Macao is rapidly re-inventing itself as the Las Vegas of the East, with 31 of the world’s glitziest casinos towering over the tiny peninsula off the coast of China. Where just decades ago there was farmland, you now see clusters of glass-covered sky-scrapers with names familiar from all those Hollywood heist movies flashing in the night — MGM Grand, Sands, Wynn…

But, it isn’t until I go up Colina da Penha, the quiet hill in South-Western Macau, that I really feel like I’ve hit the jackpot… culturally speaking, that is. Because, that’s where I begin to uncover the unusual history of this Chinese protectorate, where the past rubs shoulders with the present in a quirky and singularly charming mix.

Overlooking a glittering expanse of the Pearl River Delta is the peaceful old grey-stone church, Ermida da Penha, surrounded by a graceful old-world garden that’s all shaded nooks and stone benches. Originally built by Portuguese sailors in 1622, the church is the highest point in Macao, approached via narrow tree-lined streets that wind through charming European-style homes.

We are now, our guide tells us, in ‘Old Macao’, where the over 400-year-old colonial influence on the peninsula (Macao was under Portuguese control until 1999) lives on into the 21st Century.
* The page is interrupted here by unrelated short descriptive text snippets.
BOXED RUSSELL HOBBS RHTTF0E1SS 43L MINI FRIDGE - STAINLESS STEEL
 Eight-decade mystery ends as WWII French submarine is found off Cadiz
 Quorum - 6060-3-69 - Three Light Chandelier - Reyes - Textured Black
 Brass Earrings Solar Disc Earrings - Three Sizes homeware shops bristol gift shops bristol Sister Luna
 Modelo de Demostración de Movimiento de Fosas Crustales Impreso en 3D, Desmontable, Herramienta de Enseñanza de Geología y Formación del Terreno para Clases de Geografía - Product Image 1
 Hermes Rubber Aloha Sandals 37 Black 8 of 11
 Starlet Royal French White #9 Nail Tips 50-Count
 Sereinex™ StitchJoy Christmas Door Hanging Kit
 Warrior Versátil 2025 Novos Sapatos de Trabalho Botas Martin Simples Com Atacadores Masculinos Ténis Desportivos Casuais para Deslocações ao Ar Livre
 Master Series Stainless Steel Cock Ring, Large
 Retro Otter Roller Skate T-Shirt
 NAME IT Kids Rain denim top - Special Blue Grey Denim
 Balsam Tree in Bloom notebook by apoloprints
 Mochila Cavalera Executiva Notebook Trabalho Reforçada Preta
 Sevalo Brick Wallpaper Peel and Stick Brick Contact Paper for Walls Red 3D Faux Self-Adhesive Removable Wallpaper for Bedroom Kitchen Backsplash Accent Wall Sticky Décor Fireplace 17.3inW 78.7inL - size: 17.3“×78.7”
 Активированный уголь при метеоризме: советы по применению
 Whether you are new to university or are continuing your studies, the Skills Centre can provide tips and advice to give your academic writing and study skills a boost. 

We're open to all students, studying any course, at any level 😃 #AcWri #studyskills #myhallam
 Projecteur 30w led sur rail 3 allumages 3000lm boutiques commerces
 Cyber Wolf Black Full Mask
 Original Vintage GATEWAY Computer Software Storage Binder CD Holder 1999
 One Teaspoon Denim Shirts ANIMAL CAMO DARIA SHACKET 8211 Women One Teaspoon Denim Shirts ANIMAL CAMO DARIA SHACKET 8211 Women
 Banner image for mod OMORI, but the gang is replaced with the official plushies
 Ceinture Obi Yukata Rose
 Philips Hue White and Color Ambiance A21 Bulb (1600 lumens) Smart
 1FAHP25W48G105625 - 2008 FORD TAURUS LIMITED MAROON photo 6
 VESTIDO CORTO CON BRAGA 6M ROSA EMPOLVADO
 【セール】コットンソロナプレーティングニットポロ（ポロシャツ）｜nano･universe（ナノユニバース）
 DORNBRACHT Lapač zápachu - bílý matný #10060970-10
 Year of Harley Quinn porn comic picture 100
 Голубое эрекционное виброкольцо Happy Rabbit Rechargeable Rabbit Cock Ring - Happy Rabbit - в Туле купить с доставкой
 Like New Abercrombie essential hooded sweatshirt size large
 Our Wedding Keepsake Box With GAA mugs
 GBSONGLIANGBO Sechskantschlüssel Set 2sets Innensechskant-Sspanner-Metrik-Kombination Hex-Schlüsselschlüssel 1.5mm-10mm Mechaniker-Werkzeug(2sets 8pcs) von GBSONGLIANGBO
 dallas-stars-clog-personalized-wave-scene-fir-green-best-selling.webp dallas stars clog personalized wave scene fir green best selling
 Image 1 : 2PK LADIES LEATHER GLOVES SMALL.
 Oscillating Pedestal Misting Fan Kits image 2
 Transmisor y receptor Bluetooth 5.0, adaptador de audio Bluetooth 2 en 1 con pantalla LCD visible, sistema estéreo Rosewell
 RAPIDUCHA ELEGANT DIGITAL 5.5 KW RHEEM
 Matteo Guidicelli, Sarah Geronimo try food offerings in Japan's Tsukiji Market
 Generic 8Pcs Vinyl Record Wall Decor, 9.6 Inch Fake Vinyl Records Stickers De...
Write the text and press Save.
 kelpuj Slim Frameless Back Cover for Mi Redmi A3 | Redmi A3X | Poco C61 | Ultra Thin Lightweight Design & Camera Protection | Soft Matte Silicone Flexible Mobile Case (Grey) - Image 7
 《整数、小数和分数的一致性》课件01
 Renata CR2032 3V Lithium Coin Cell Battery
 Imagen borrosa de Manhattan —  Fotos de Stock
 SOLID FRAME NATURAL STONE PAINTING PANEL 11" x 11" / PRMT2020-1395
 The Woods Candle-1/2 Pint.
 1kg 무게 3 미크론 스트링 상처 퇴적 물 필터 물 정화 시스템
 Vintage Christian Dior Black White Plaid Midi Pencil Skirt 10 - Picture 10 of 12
Nowhere is this more apparent than at the enchanting Senado Square (Largo do Senado), which has been Macao’s city centre for centuries and still houses several of its major administrative buildings.

Gorgeous old yellow, pink and white buildings in the distinctive Mediterranean neo-classical style surround the square with its quaint black-and-white mosaic flooring (brought from Portugal, my guide informs me) and its dancing fountains at the centre.

Delightful amalgam

Mc Donald’s and Starbucks, Levi and Gap (with Cantonese and Portuguese signs) stand alongside City Hall, and colourful little Chinese flea markets selling handkerchiefs and toys nestle in the picturesque cobbled lanes between buildings… it’s hard not to fall a little bit in love with this delightful amalgam of the modern and the colonial, the East and the West.

And so it continues, all along the sloping cobblestone streets of this historic core of Macao (recently declared as a World Heritage Site) — glass and steel structures by pastel-coloured row-type European buildings, old churches (such as St. Anthony’s) and pretty little squares to sit back and relax in (St. Augustine’s Square is particularly pleasing) peppered amongst aggressively-modern Chinese business houses.

If one structure stands out (literally) amongst all of this, it has to be the nearly-iconic ruins of the St. Paul’s Cathedral. Towering into the sky at the top of a long flight of broad steps, only the brooding grey façade of this 16th Century church and college remains, looking down upon a panoramic view of Old Macao. Although the building was destroyed in a fire in the 19th Century, the intricately detailed façade stands defiantly, as if by the will of God, with just signs and diagrams remaining where the rest of the structure ought to be — the effect is rather eerie.

So the next time you visit the glitzy new Macao, where the highest bungee and sky jump in the world (338 m, at the Macao Tower), the starry, super-opulent Venetian Macao resort and some of the world’s best casinos beckon, spend a little time at the place where the Macao-that-was still lives. It’s a visit back in time you won’t regret.